Get your colour–yes, colour–photographs of Imperial, pre-Revolution Russia here. Gorgeous, and fascinating.

Brain in a Petri dish flies F-22 simulator

No, honestly, that’s what this story says: a “brain” made of 25,000 neurons grown from a single rat embryo has learned to fly a figher jet simulator. I’m evenly divided between “Cool!” and “Ewwww!” Could go either way. (Via KurzweilAI.net.)

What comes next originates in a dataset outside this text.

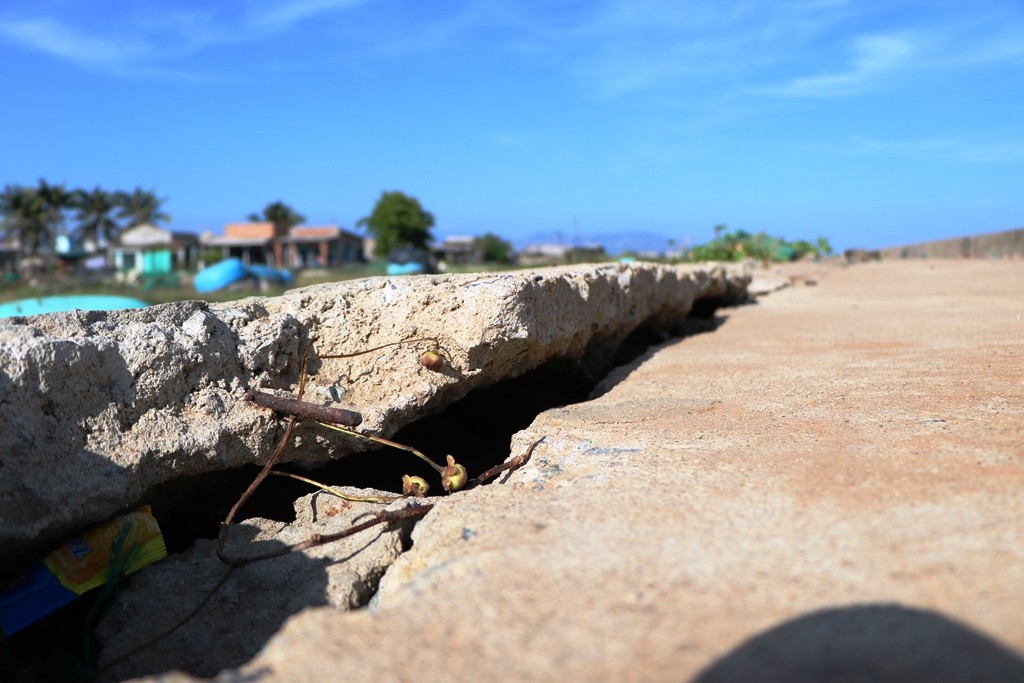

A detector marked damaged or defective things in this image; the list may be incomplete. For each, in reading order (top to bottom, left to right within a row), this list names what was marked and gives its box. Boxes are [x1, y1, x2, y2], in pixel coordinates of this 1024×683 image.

broken concrete slab [0, 266, 745, 573]
broken concrete slab [144, 259, 1024, 679]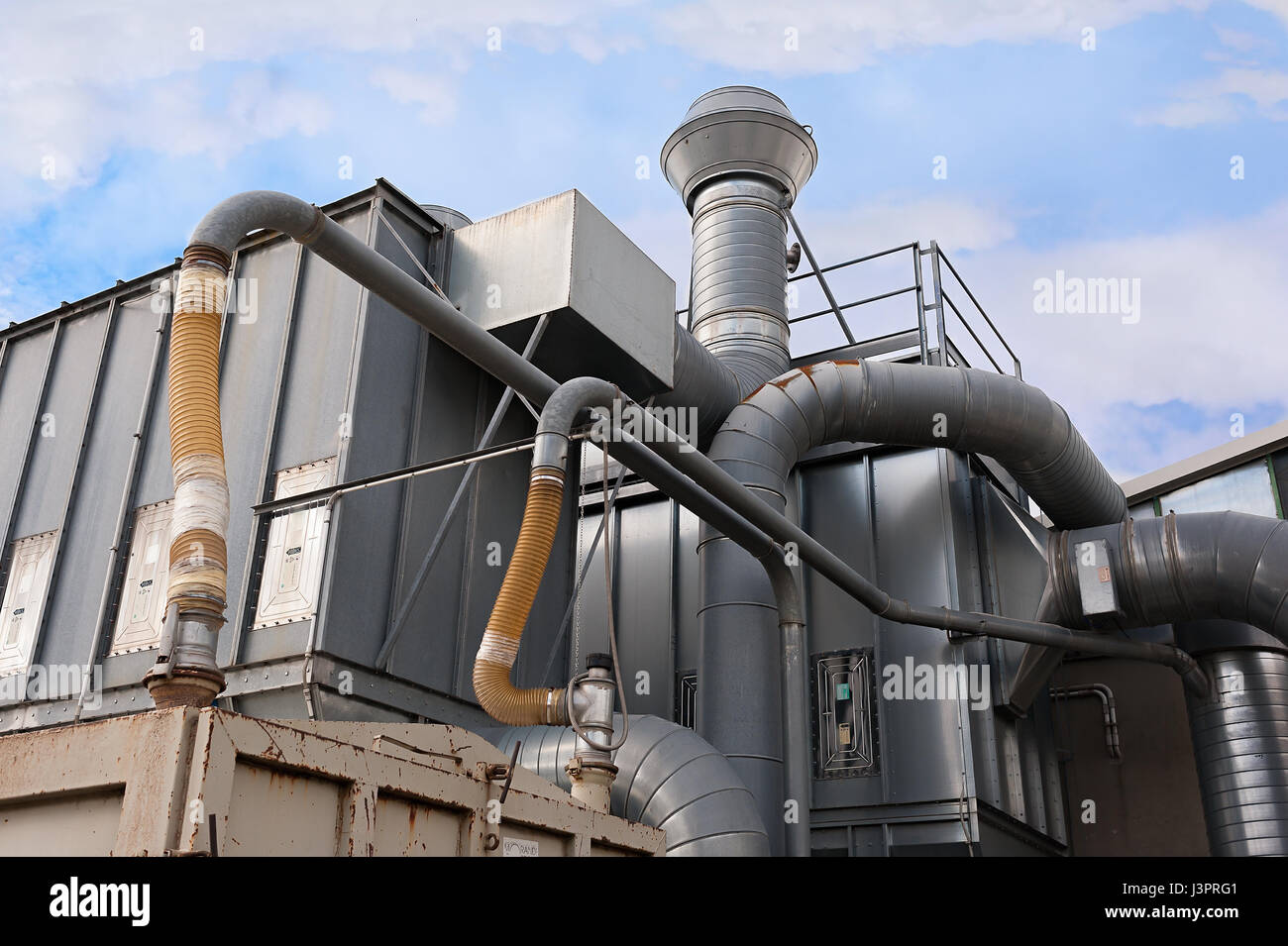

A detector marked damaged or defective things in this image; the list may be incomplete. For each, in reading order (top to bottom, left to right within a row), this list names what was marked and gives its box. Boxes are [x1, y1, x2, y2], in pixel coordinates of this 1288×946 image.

rusted metal surface [0, 710, 664, 859]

More (indirect) evidence there could be life on Mars

Methane-producing microbes buried under kilometres of ice in Greenland provide credance to the notion that high methane concentration in areas of the Martian atmosphere could be the result of life. Little green bugs, as it were. (Via The Speculist.)

The mystery of Beethoven’s illness solved…

He suffered from lead poisoning, analysis of bone fragments at the Argonne National Laboratory has confirmed. Deafness is a rare but not unknown complication of “plumbosis,” so that well-known disability of Beethoven’s may also have been caused by lead. Via MedGadget.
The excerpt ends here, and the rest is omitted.